Over time, it’s undoubtedly paid off for Circa, with tens of thousands of fans, devoted and casual alike, tuning in to hear the band’s undeniably unique take on an already fascinating subset of alternative rock. With over a decade down, the band decided earlier this year to honor their freshman LP Juturna—an astounding debut-turned-genre classic that showed the act wasn’t about to get forgotten in the crowd. From mid-October to late November, Circa Survive rocked and rollicked theaters coast to coast, performing Juturna from front-to-back in its entirety. Along with tourmates Rx Bandits and Citizen, Circa Survive crafted one of the fall’s best tours, pulling out every stop to ensure one hell of an evening for all 26 cities.
This brings us to October 31, 2015 – where Circa Survive would soon perform to a packed Royal Oak Music Theatre in Royal Oak, Michigan, for a Halloween night no one would ever forget. We sat down with vocalist Anthony Green to chat about Juturna, a look into the album’s writing process, his hopeful music projects and being a father.
With this being the 10-year anniversary tour of Juturna, how has it been returning to the album every night, and playing it through in a live setting?
ANTHONY GREEN: It’s weird.

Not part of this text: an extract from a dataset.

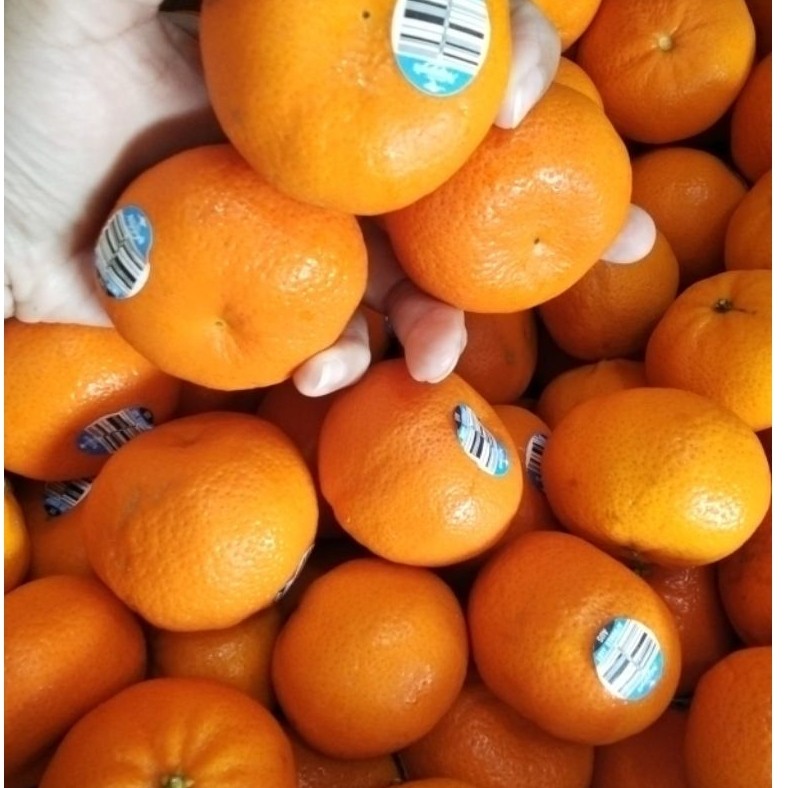 JERUK AFOURER MANDARIN
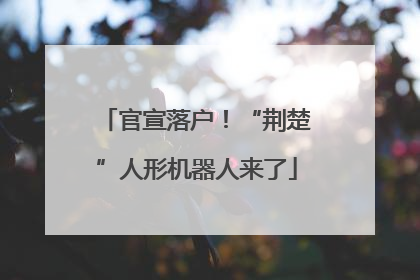 官宣落户！“荆楚”人形机器人来了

It’s really weird. It’s works so cohesively, and the show goes by so fast because everything blends together so well. It’s weird to think that the band has been around for 10 years and that this is a thing.
Years after Juturna was initially released, you mentioned that a lot of your writing was influenced by the movie Eternal Sunshine Of The Spotless Mind. What about the film did you take away for the album?

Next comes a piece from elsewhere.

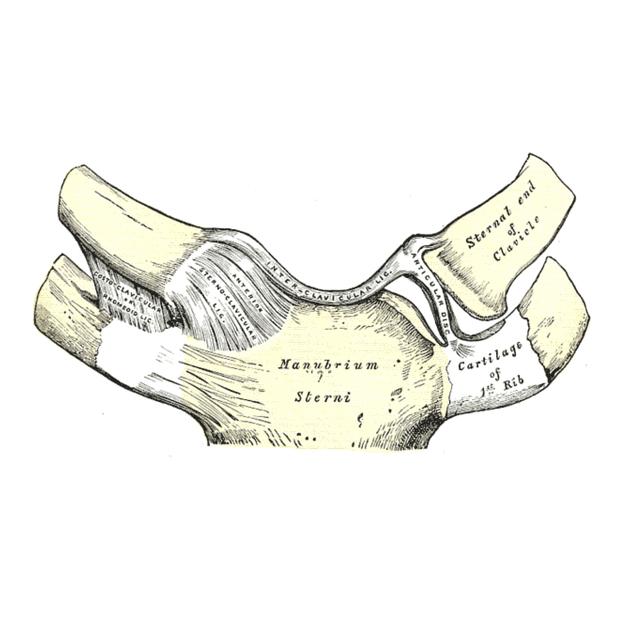 A diagram of the bone

Description automatically generated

At the time, my current girlfriend and I, who became my present-day wife, were going through all of this weird shit, and we just young and dumb. We were just trying to figure all of our shit out. During that, we went to go see that [movie] together the night I thought that we were going to break up. There were all of these themes about growing up, relationships, falling in love, falling out of love and not knowing the difference. There are so many crazy themes in that movie that I felt like I could relate to and feel like subconsciously they’d fit on the record.

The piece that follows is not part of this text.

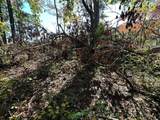 18A Hall Road - Photo 38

One of the biggest calling cards of not only Circa Survive, but any of your numerous projects, has been how unique and dynamic your voice is. Do you remember the first time you knew that you had a strong voice and knew it was something you wanted to pursue?
I remember people telling me that I had a good voice, but they were the same kind of person who didn’t want to sing for whatever band we were in. Because of that, I always felt like I was the only one that would do it, whenever I was playing music with people. I never really felt like I have any different or special qualities, but people would always tell me, “Your voice is so high!” I just liked doing it, and it filled an urge in me that I never even knew existed. I don’t think I ever could imagine myself doing it for a living until the dudes in Saosin asked me to move to California and join their band. Even then, I just figured I’d do this for a while and see where life takes me, but I never imagined I’d be doing it for a living, or people would want anything to do with it. It’s weird. It’s still weird today—every fucking morning I wake up on a tour bus in a bunk and think, “Oh, fuck, this is crazy—how the fuck did this happen? How do I keep it?”
Is there anything you haven’t done with music that you’d like to explore?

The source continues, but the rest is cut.